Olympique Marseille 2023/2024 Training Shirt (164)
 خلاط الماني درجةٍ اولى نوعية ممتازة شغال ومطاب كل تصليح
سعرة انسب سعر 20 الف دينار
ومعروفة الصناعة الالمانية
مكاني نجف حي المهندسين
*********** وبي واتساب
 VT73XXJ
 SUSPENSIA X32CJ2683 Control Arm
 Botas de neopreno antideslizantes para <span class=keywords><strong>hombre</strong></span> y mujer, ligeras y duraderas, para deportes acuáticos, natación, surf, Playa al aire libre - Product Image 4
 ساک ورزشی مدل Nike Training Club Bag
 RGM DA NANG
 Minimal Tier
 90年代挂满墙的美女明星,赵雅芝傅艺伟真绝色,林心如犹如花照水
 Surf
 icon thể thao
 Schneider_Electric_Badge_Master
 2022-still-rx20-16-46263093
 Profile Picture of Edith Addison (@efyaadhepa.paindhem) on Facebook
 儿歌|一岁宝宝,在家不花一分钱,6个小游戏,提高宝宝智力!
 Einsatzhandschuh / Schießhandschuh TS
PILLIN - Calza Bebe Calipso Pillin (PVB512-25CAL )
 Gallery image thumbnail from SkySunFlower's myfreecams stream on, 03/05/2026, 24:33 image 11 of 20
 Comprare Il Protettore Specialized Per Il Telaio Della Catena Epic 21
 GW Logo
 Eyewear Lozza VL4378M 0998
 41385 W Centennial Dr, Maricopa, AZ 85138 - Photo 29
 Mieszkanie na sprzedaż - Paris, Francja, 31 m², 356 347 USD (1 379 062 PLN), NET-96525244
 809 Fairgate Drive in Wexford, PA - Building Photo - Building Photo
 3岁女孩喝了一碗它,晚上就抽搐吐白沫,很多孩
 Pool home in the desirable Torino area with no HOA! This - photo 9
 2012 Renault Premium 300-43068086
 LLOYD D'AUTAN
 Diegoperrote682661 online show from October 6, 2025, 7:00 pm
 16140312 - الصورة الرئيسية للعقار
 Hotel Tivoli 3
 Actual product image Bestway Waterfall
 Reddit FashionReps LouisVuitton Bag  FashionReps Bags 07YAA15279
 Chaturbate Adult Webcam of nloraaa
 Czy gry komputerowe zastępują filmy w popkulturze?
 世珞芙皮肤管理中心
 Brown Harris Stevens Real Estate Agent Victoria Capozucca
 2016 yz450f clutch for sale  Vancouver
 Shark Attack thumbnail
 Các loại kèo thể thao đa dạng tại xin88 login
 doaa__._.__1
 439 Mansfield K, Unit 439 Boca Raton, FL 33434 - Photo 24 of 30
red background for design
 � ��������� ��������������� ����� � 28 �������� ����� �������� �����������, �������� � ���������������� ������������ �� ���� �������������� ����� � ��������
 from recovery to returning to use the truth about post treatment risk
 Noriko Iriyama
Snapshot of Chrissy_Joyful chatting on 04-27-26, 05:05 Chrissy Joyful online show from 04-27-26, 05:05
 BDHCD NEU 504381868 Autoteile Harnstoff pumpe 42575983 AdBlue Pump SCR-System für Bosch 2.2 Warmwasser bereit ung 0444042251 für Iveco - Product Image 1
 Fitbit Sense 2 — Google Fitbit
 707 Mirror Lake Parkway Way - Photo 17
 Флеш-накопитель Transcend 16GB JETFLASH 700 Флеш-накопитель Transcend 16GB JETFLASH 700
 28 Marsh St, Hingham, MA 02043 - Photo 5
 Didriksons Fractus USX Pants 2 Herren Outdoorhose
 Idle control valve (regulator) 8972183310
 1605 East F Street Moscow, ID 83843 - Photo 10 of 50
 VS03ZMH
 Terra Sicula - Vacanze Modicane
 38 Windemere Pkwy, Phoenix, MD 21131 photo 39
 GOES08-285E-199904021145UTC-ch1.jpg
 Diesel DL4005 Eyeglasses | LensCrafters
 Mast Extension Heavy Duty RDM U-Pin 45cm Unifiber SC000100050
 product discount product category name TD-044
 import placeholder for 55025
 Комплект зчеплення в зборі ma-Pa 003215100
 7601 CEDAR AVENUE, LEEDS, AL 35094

* * *

→ WHAT YOU SHOULD DO
From the listing above, output exactly the run of lines that starts with the line containing "مكاني نجف حي المهندسين" and ends with the line containing "41385 W Centennial".

→ RESULT OF THIS EXERCISE
مكاني نجف حي المهندسين
*********** وبي واتساب
 VT73XXJ
 SUSPENSIA X32CJ2683 Control Arm
 Botas de neopreno antideslizantes para <span class=keywords><strong>hombre</strong></span> y mujer, ligeras y duraderas, para deportes acuáticos, natación, surf, Playa al aire libre - Product Image 4
 ساک ورزشی مدل Nike Training Club Bag
 RGM DA NANG
 Minimal Tier
 90年代挂满墙的美女明星,赵雅芝傅艺伟真绝色,林心如犹如花照水
 Surf
 icon thể thao
 Schneider_Electric_Badge_Master
 2022-still-rx20-16-46263093
 Profile Picture of Edith Addison (@efyaadhepa.paindhem) on Facebook
 儿歌|一岁宝宝,在家不花一分钱,6个小游戏,提高宝宝智力!
 Einsatzhandschuh / Schießhandschuh TS
PILLIN - Calza Bebe Calipso Pillin (PVB512-25CAL )
 Gallery image thumbnail from SkySunFlower's myfreecams stream on, 03/05/2026, 24:33 image 11 of 20
 Comprare Il Protettore Specialized Per Il Telaio Della Catena Epic 21
 GW Logo
 Eyewear Lozza VL4378M 0998
 41385 W Centennial Dr, Maricopa, AZ 85138 - Photo 29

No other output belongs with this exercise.